Assigned task
Please give again exactly the lines from the top of the material through the line with "Now we can open"; omit each picture.

Collected material
BEGIN
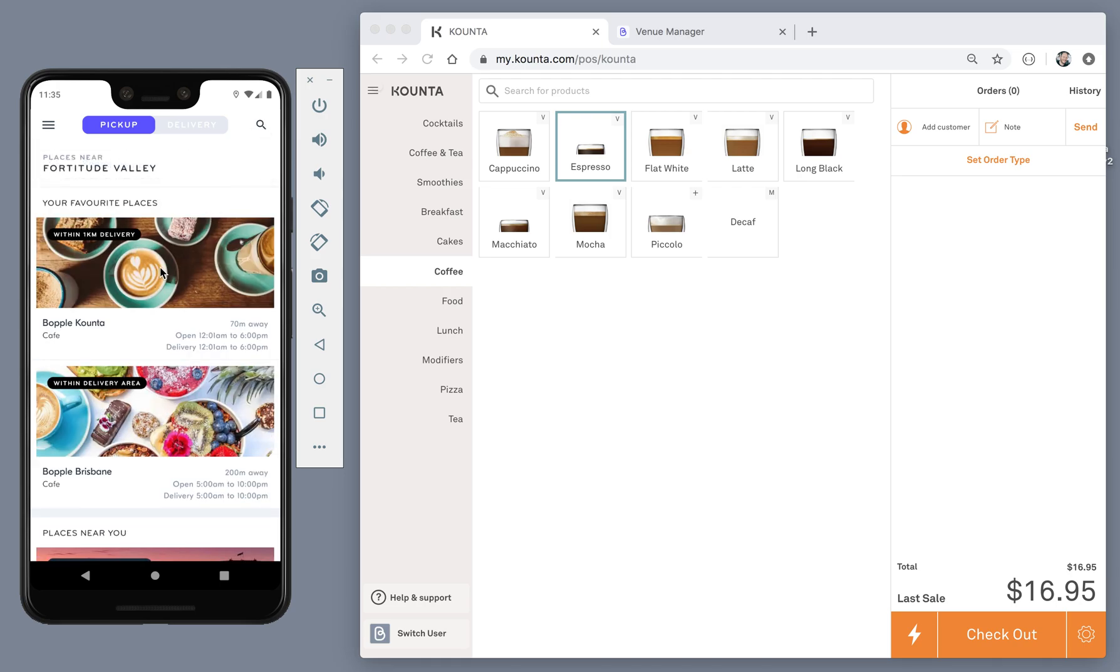As we're going to use a Counter integrated venue in this demo, the menu that's displayed will be one that's been configured in the Counter online products section of back office. This is a section where the Counter venue can curate a special version of their menu just for online ordering partners like Boppel.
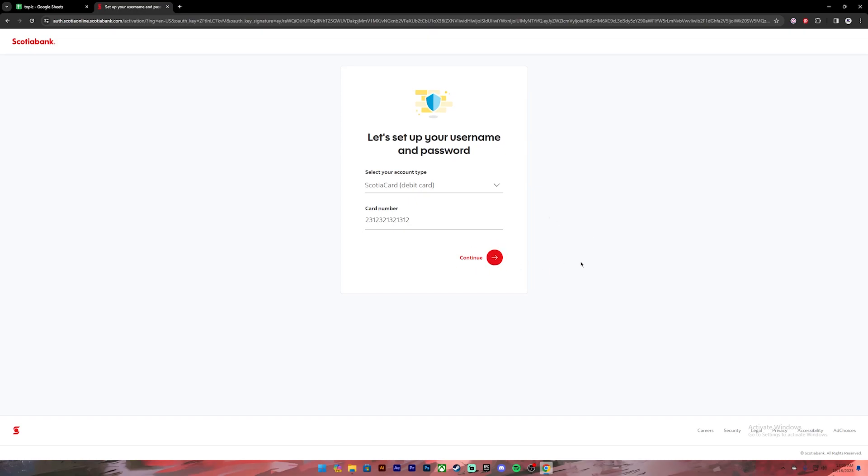Then it will take you to the next page where you have to confirm your identity. Once you get authorized, they will prompt you to create a username and password for your account. Once you complete all those steps, you'll be enrolled into Scotia Bank. This is how you do it.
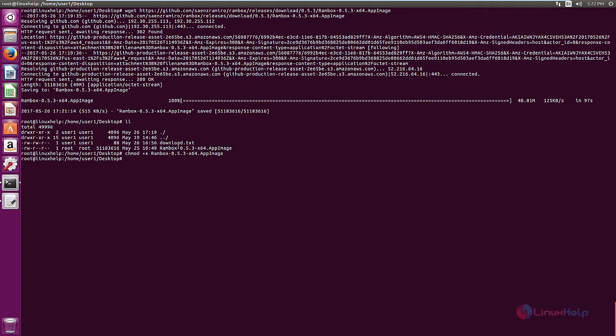Now we can open the installation package. Dot slash the package name. Now give enter.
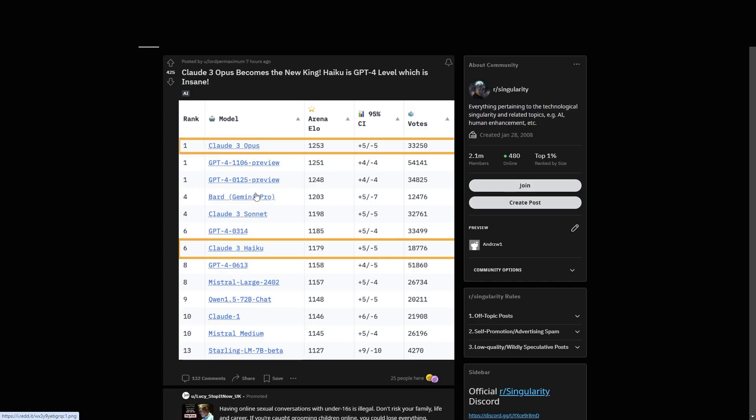However, OpenAI, for some reason, we don't know, delayed it, and Google pushed out their Gemini Pro. But OpenAI, on the other hand, even though they've beaten GPT-4, the state-of-the-art model at the time, for some reason, they're holding onto their models and not releasing.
END
Your solution
As we're going to use a Counter integrated venue in this demo, the menu that's displayed will be one that's been configured in the Counter online products section of back office. This is a section where the Counter venue can curate a special version of their menu just for online ordering partners like Boppel.
Then it will take you to the next page where you have to confirm your identity. Once you get authorized, they will prompt you to create a username and password for your account. Once you complete all those steps, you'll be enrolled into Scotia Bank. This is how you do it.
Now we can open the installation package. Dot slash the package name. Now give enter.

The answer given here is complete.